The boss of the pub chain Fuller’s has told the BBC he may have to lay off up to 10% of his staff – about 500 people.
The government’s decision to encourage people to work from home will hit his firm’s city-centre pubs, Simon Emeny told 5live, leading to job losses.
“We are doing everything possible to minimise that, but sadly it is inevitable,” he said.
The warning follows other similar ones from JD Wetherspoon, Premier Inn and Beefeater owner Whitbread and Greggs.
Mr Emeny also criticised the 10pm curfew on pubs and restaurants as “illogical” and “ill-conceived”.
Fuller’s owns about 400 pubs and hotels in the UK, with many in the capital.
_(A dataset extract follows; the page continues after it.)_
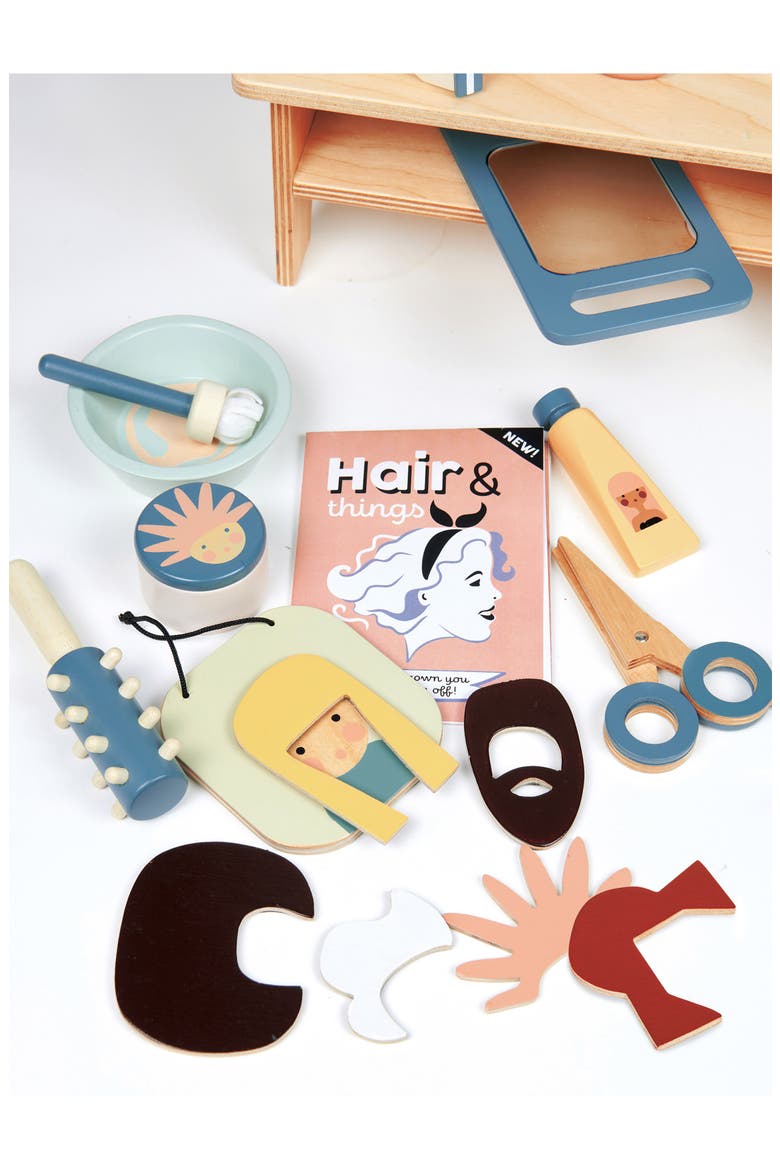 Hair Salon Playset, Alternate, color, MULTI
It employs almost 5,000 people in its managed pubs and hotels.
“The biggest challenge we have around job losses is in central London, because the current Prime Minister’s announcement last week to discourage people from going back to the office is having a big impact on city centres and in particular Central London,” he said.
‘Continual mistakes’
He said he and his management team are still working out how many staff will have to be made redundant, “but it will be at least 10%”.
Of Prime Minister Boris Johnson, he said, “I don’t think he’s had a good few months.”
“There are elements of the Prime Minister’s job that I don’t envy him but I also think there are significant elements where he has made continual mistakes and we have seen the government do u-turns on five or six key decisions,” he said.
“In a business environment, his style of leadership wouldn’t work.”
It sold its brewing business to Japan’s biggest brewer Asahi last year.
The company said the £250m deal would preserve the Griffin Brewery in Chiswick, west London, where beer has been brewed since 1654.
It left the company to focus on its hotels and pubs business, which generated most of its profits.
Last week Whitbread, which owns Premier Inn and Beefeater, has warned that 6,000 staff could lose their jobs.
The company blamed the cuts on a slump in hotel guest numbers since lockdown.
Pub chain JD Wetherspoon has warned its 1,000 staff who work at airport venues that almost half of them could lose their jobs because of the dramatic fall in travel and tourism.
And staff at around half of Greggs’ stores will have to accept fewer hours or face losing their jobs as the government’s furlough scheme comes to an end.
The bakery chain, which employs 25,000 workers, expects business activity to “remain below normal for the foreseeable future”.